I shimmy up the slender tree trunk before he can catch my sandal, and I begin to pluck figs. If he catches hold of me, I know he’ll muss my hair to incite my mother’s wrath. I throw a couple of pebbles from my pocket down at him, and he runs back to his game. I reach for the tree’s top branches, where I can savor both figs and sunlight. The secret is to eat only as many as will not be missed. The tree bends a bit with my weight, and I grab one last delicious morsel. I dread the day my weight should become too much for the tree. I would dare not break a branch from this tree; it is my father’s favorite, planted when he was but a boy.
“Qasim!” my mother calls. “Where are those figs? We’re ready to leave!”
I jump the last few feet to the ground, upsetting a few figs, which my brothers rush to grab and thrust into their mouths. My mother waits at the door, her hand on her hip.
“But where is Baba?” I ask Mama.
She swings her heavy basket over her arm and gives each of us a bundle to carry—beasts of burden, all of us. “He will join us when he can, Qasim. Hurry!”
We step from the cool mosaic tile of our home into the bustle of the narrow street. My mother catches hold of my hand as we scurry down the alleyways on the edge of the West Side, her heels clicking on the rose-colored walkways as we pass through our neighborhood. There’s the greengrocery, now the café, where we sometimes sit and drink chocolate glacés, there’s the little man who sells coal in the winter and ice in the summer. My mother pulls me past the midday clamor of the souqs, and finally, just as the red tile roofs of the Ottoman section of the city come into view, we can catch the scent of the sea. It overtakes the lingering scent of cardamom and myrrh as we step on the trolley that will take us down the hill to the seaside. I can make out other children running up and down the sand below.

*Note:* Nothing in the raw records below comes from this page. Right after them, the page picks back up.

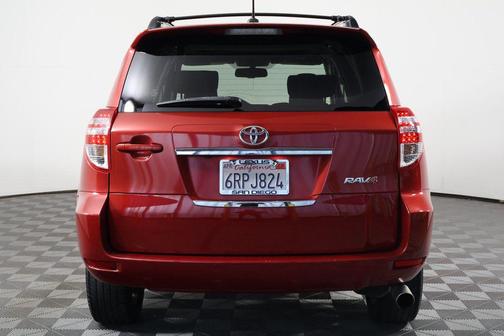 2011 Toyota RAV4 Sport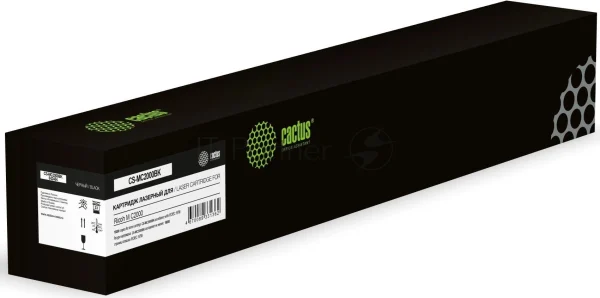 Картридж лазерный Cactus CS-MC2000BK (842454) черный (18000 стр.) для Ricoh M C2000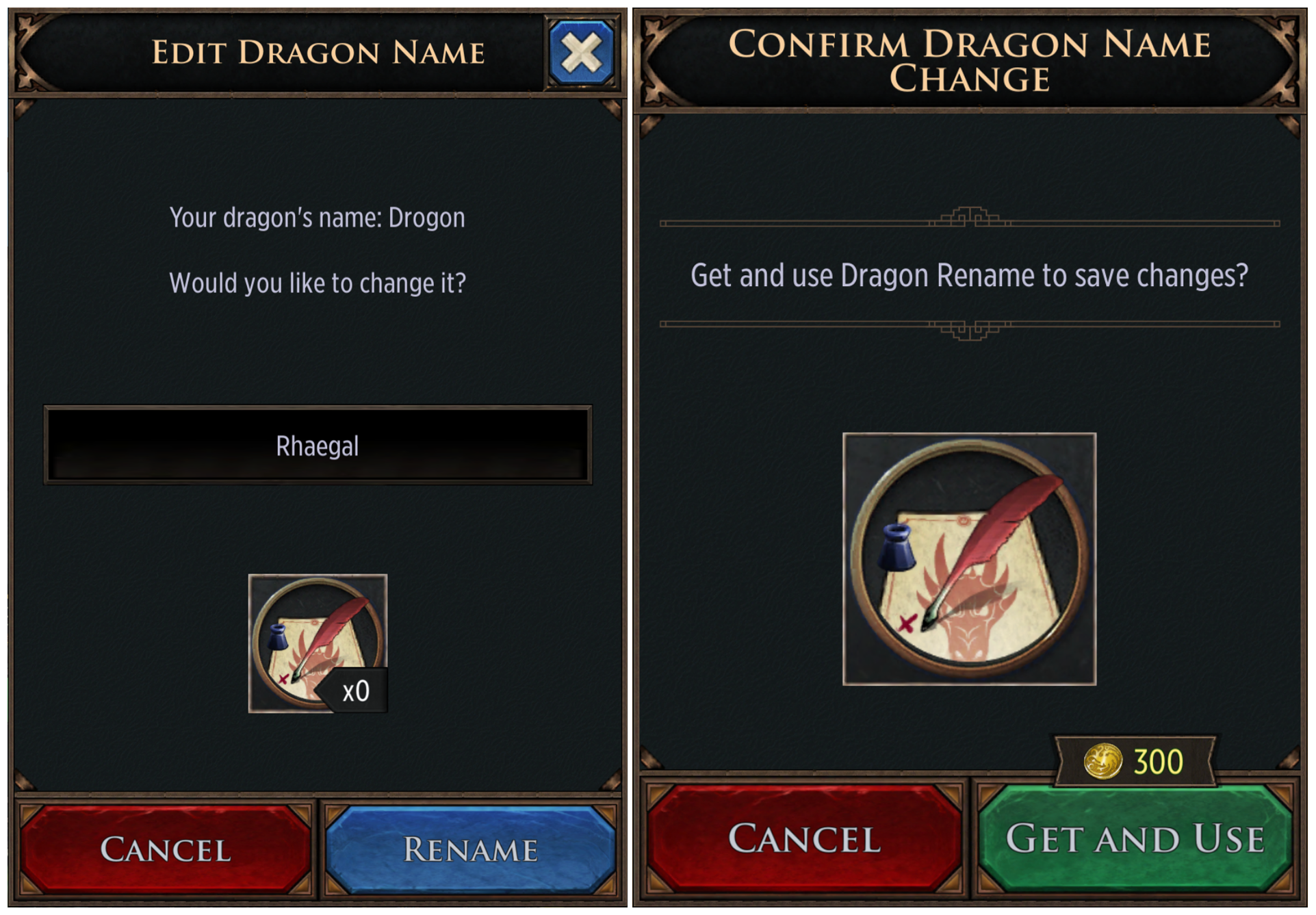 Dragon Customization Guide Hbo Games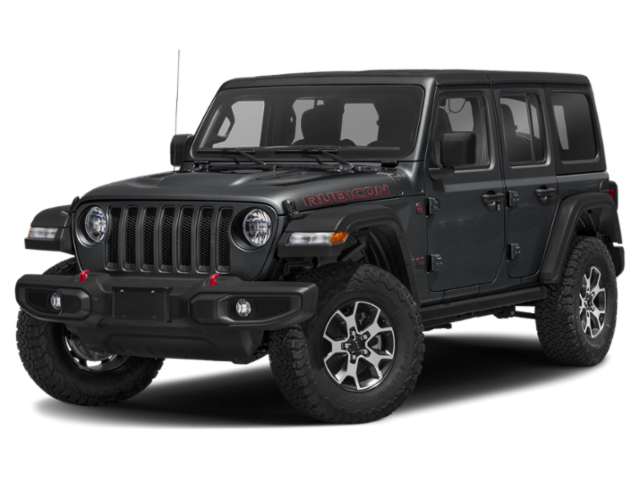 2018 Jeep Wrangler Rubicon's photo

One boy has a white cloth on a string, but there is not enough wind to carry his makeshift kite to the azure sky. It catches a breeze, tilts to the right, to the left, and then topples on its side, defeated. The boy does not give up hope though. He is already running against the wind again. I find myself cheering him on under my breath. “Come on! Let go! Now! Let it catch!” No matter the reason, over and over again, the kite catches, flags, dies.

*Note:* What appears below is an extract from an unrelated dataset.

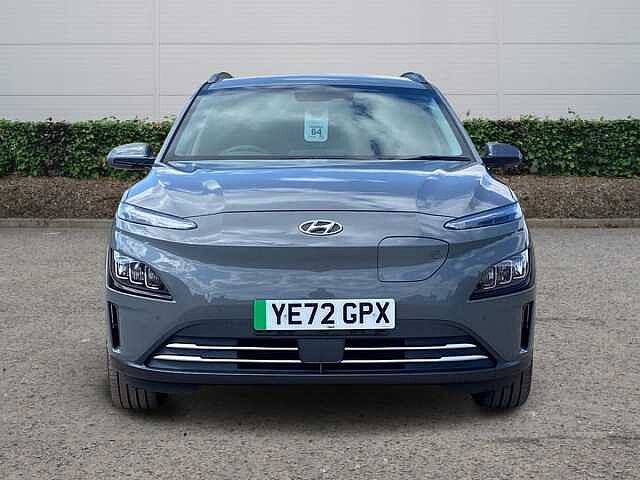 Hyundai Kona 64kWh Premium SUV 5dr Electric Auto (10.5kW Charger) (204 ps)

Rayik and I lie back on our blanket as the cool sea breeze whips through our hair. We are sated from food and play. Saif sits with my mother nearer the cliffs behind us. She reads to him from a book that looks boring enough. I pull my sandaled toes out of the sand, then dump sand on them again to cover them once more. “Mama won’t be happy you are getting your new sandals so dusty,” Rayik warns me.

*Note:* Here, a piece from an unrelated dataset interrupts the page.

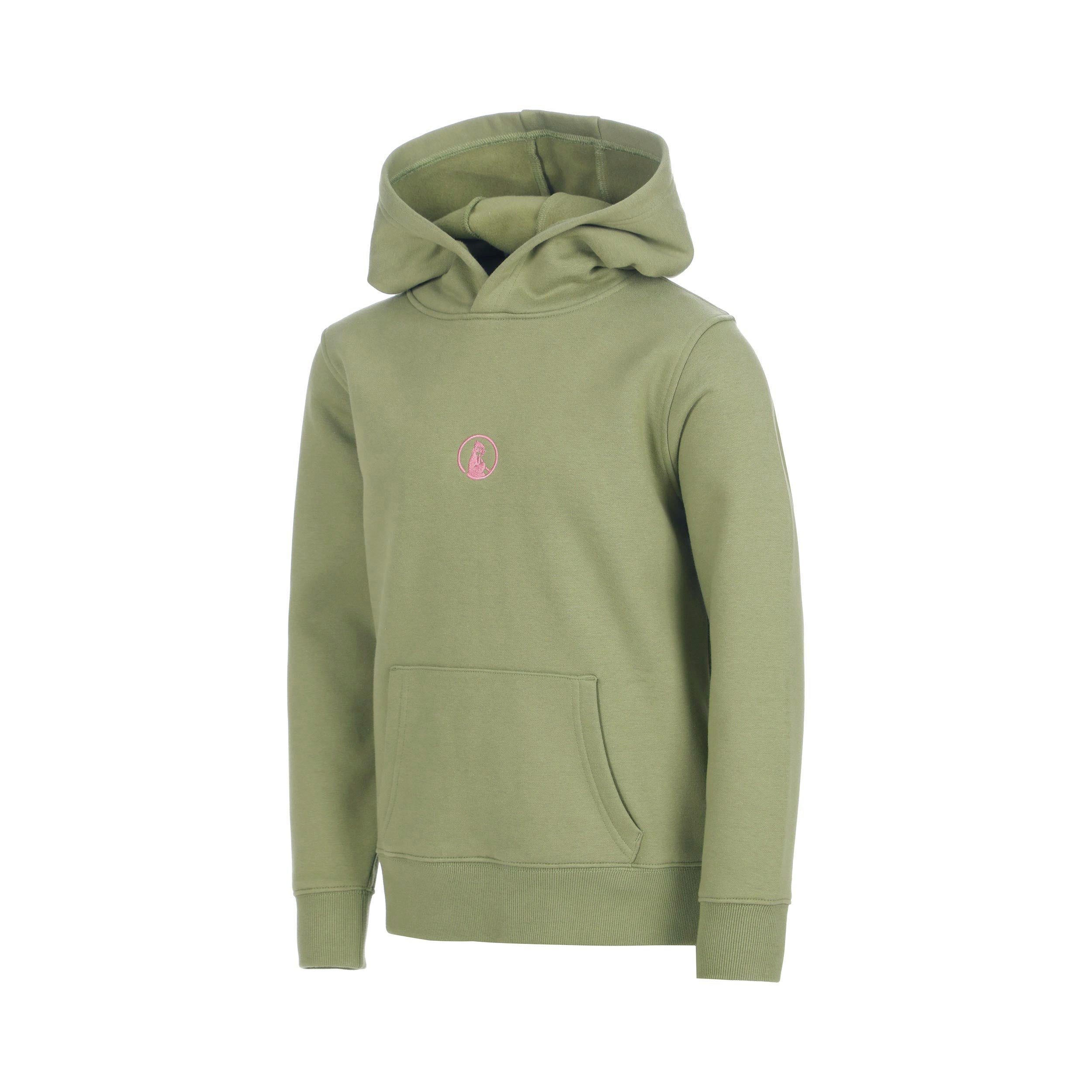 Quiet Please Kapuzenpullover Club House Loose Fit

I hear the smooth engine of Baba’s car before I can see it. It makes a great whir as he shifts down an incline. It is a big, black cavern of a car with a silver hood ornament that reminds me of a horse but is probably meant to be a dog. My mother hurries to gather our belongings into her basket and run up the hill so Baba will not need to wait long. Another day over, with Baba just getting here. I love him, and so I hate his work. I vow I will never take life so seriously that I cannot come down to the sea.